Much of my adult life has been spent in service in support of someone else.

Mount St. Joseph News


Much of my adult life has been spent in service in support of someone else.

Those years of service, most of which have been spent coaching in some type of gym, have allowed me to positively influence dozens, if not scores, of children on their journey to adulthood. My coaching, I believe, is akin to the military or Boy Scout philosophy: “Leave the world a little better than when you found it.”

I like to think I have accomplished that, and become a better person, though there’s some room for improvement (okay, let’s be honest, a lot of room for improvement).

Realizing any transformation in myself hasn’t always evident until my beloved Mount St. Joseph professor Buffy Barkley asked me to write a column for this publication. That request was a bit overwhelming when you have a figurative world of possible topics. Always the guiding light, however, she nudged me to a reflection. This reflection.

Some of it may be clichéd and campy, but that doesn’t make it any less true or honest. All of it is part of my perpetual transformation into a better person. A better me.

Though I haven’t really kept track of how many years I’ve coached, it likely would require me to take off my shoes to count. I don’t feel it’s important to know that number. It’s an irrelevant number. If I really wanted to, I could assign a number to it, but why? It would trivialize, in some way, the why behind my volunteer activity, most of which has been at my St. Lawrence Parish community in the West Side community of Price Hill.

Everything I’ve learned and taught will be applied to the next generation of young ladies I’m coaching in this 2021 Girls Western Athletic Conference basketball season (the Catholic girls sports league on the West Side of Cincinnati). These third and fourth graders will benefit from some of the life lessons I’ve learned and passed on. While I cannot teach them all the lessons I’ve learned in my life, there are five I plan to impart.

Lessons one through three: have fun. This simple two-word phrase has a lot of power, which is why it’s number one, two and three. It’s that important. Having fun reinforces and reminds us of our passion, love or desire. Who doesn’t want to do something again if they had fun? It imprints lasting memories on everyone involved, myself included. I’ll always remember my daughter Emma’s eighth-grade theater performance (I know, it’s not sports, but I’ve helped the school’s theater program when called upon). It was one of her many shining moments I recall often. Memories are important to guide our present and future selves, but they also allow us to relive moments important to us.
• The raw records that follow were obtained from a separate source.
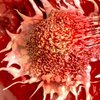 Опасный рак можно предотвратить: ученые назвали способ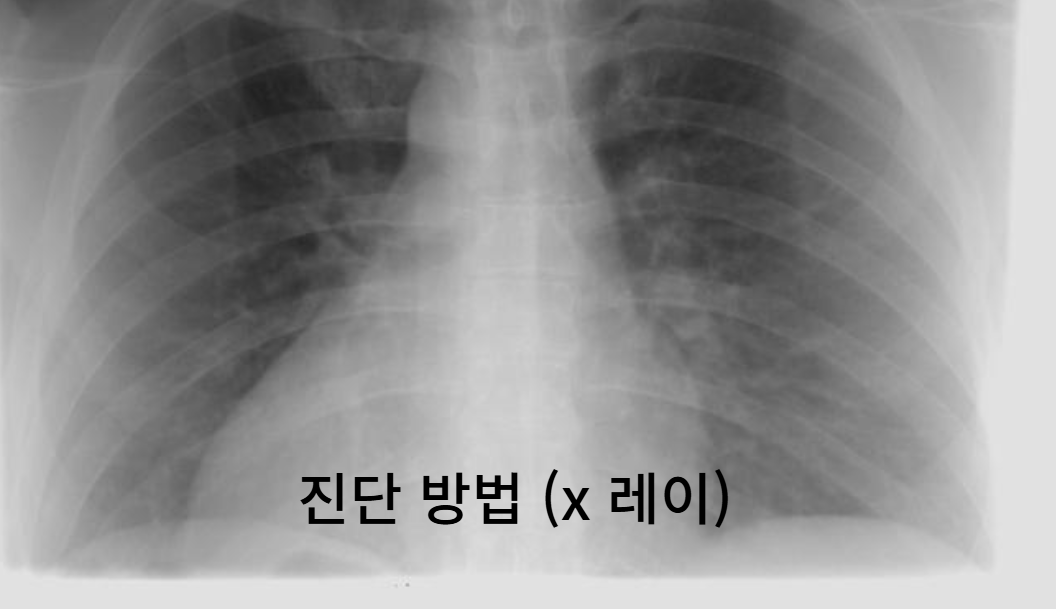 어린이 폐렴 진단 방법과 절차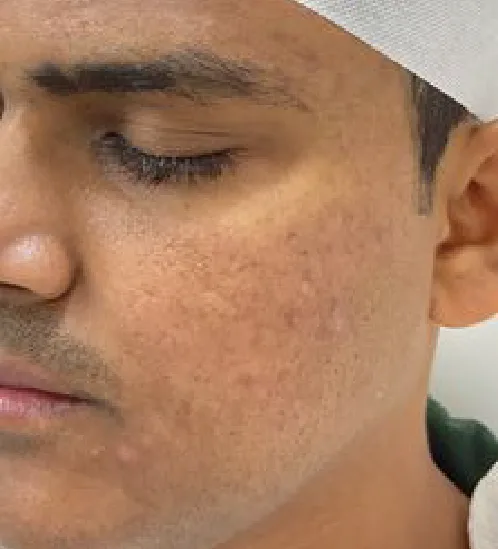 CO2 Fractional Laser Resurfacing in Multan after treatment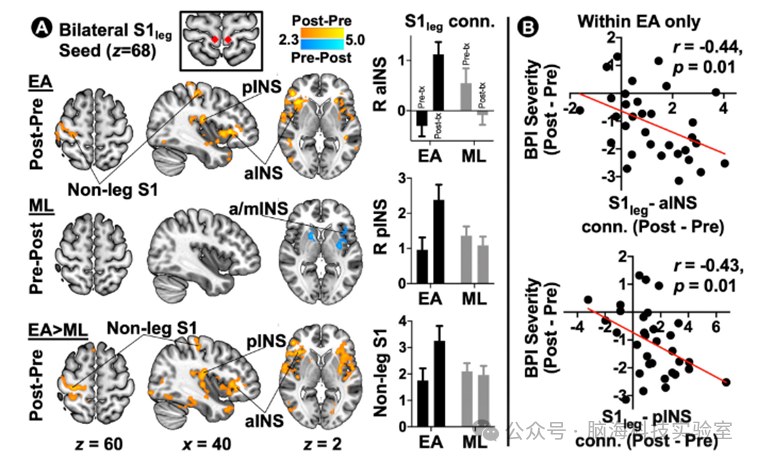 往期精彩|Arthritis Rheumatol：为什么针灸能缓解纤维肌痛？大脑研究发现关键在这里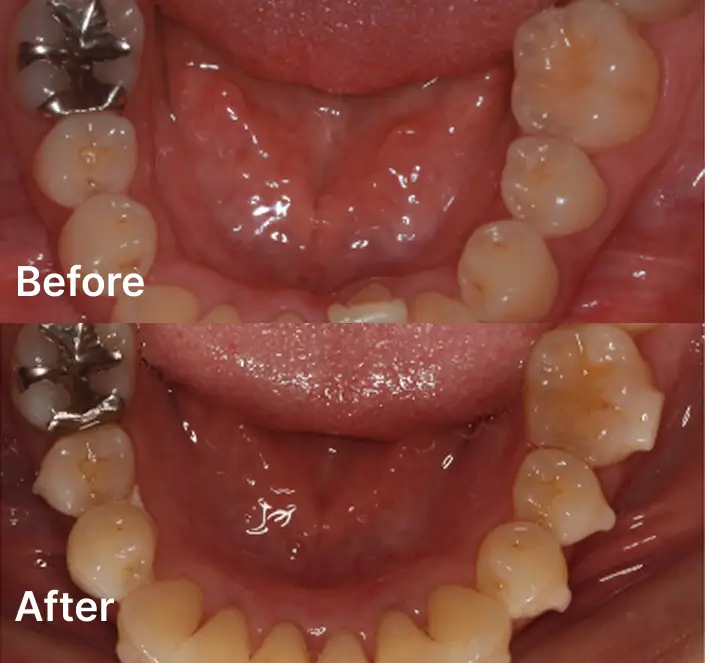 Orthodontics Case
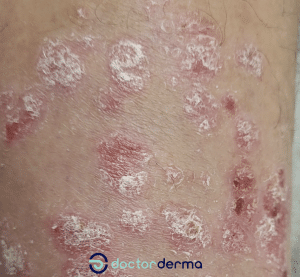 Psoriasis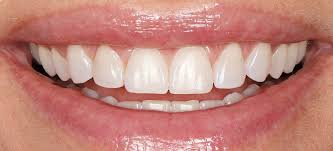 3 Questions To Ask During Your Teeth Cleaning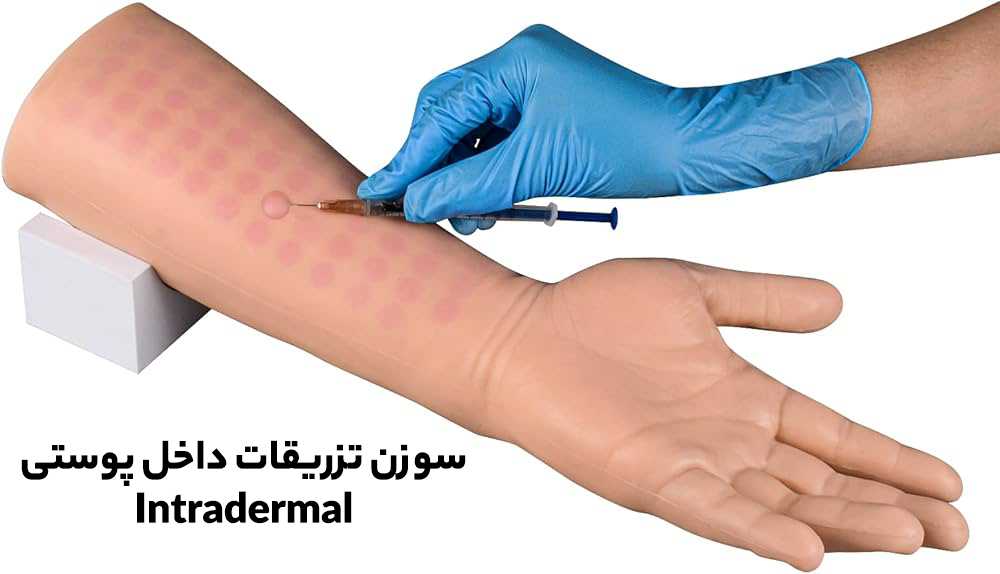 Intradermal سوزن تزریقات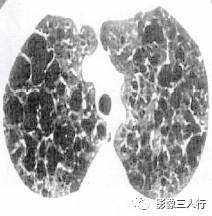 “空气潴留征” 的影像表现与临床意义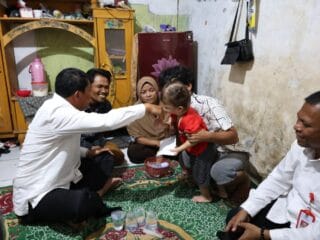 Bupati Tangerang kunjungi balita penderita tumor di Kronjo, pastikan penanganan lanjutan dan dukungan penuh dari Pemkab.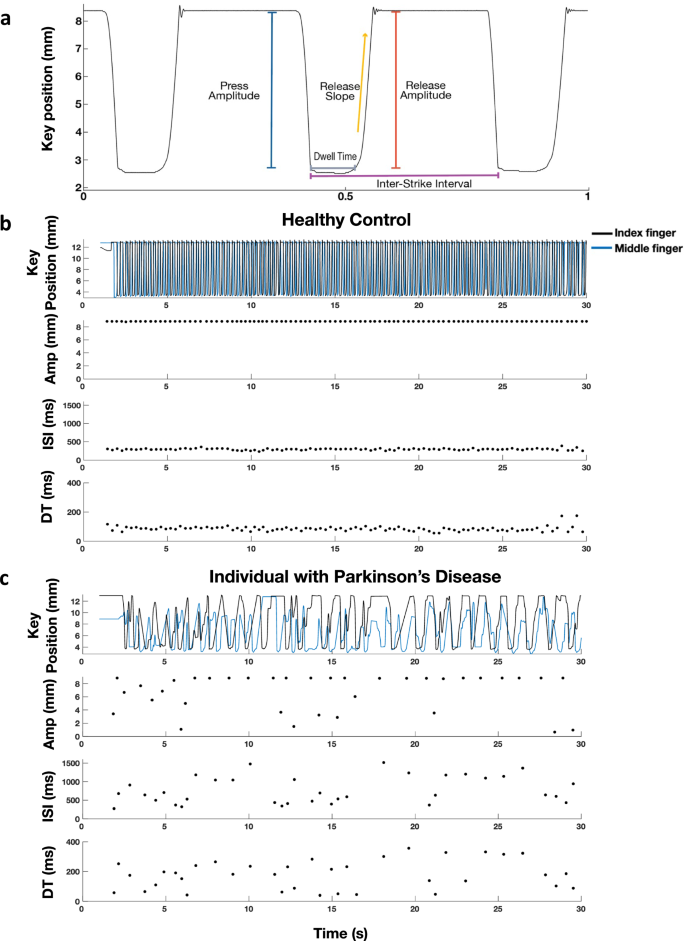 The digital signature of emergent tremor in Parkinson's disease.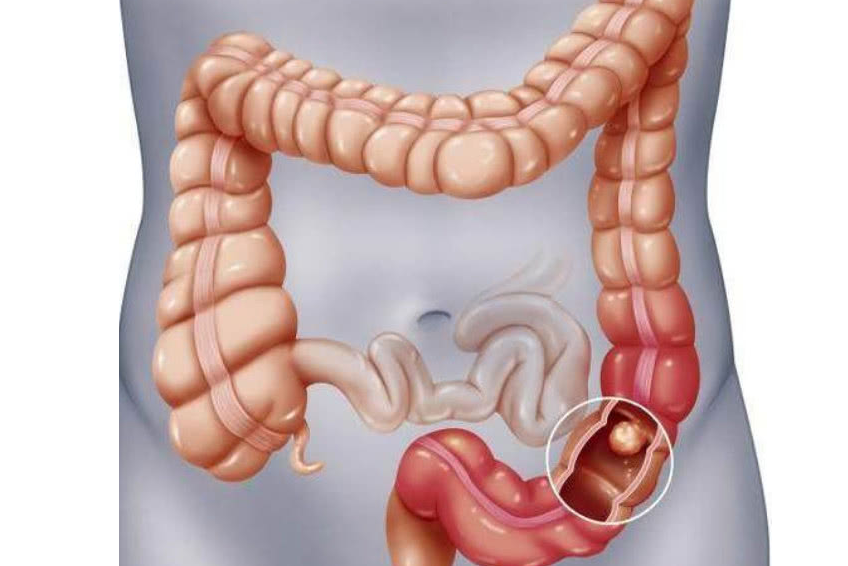 饮食|肠道“爱”长息肉？别担心，坚持2件事，肠道或能更平滑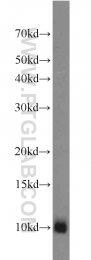 17884-1-AP - Mpv17-like protein / MPV17L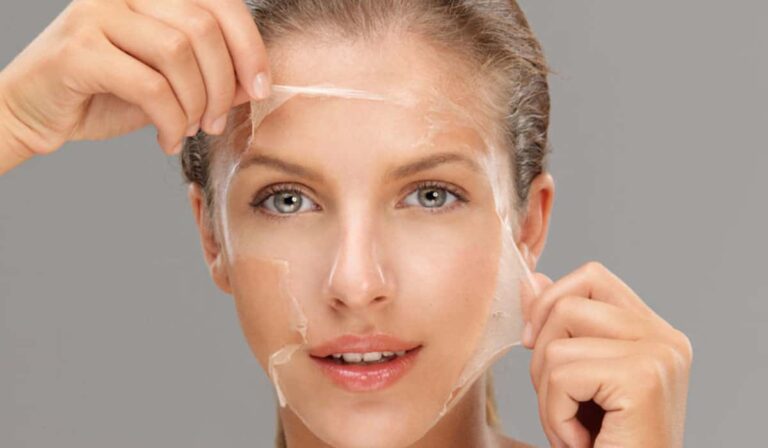 Read more about the article Chemical Peeling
Lesson four: respect. Whether it’s a team of athletes, a group of singers or troupe of grade-school actors, respect for others is one of those life-long lessons we always try to teach, but volunteering puts teaching into action. Actions speak louder than words, which is the “show don’t tell” advice writers are often given. Volunteering is the action that helps show respect. The act of giving up your time shows the respect you and the people you work alongside are giving to the mission. Hopefully, the youth see that and try to emulate it.

Lesson five: patience. Working with kids can be rough. Working with adults can also be rough, though some are more childish than the kids. Working with all sorts of personalities can prompt you to lose your cool, especially when you don’t need to be there. Keeping your cool through adversity, on the other hand, takes internal strength. It takes patience, and kids (and adults) will test that patience.

There’s a lot more work for me to do, both volunteering in my community, and with my personal development. And there are a lot of opportunities for others to help out. There are never enough volunteers in the world who donate more than just their treasure---as time and knowledge are much more valuable. Donating your time and knowledge pays exponential dividends to the future of the community, and by extension country, because you never know who you may influence. You never know whose world you will make a little better than when you found it.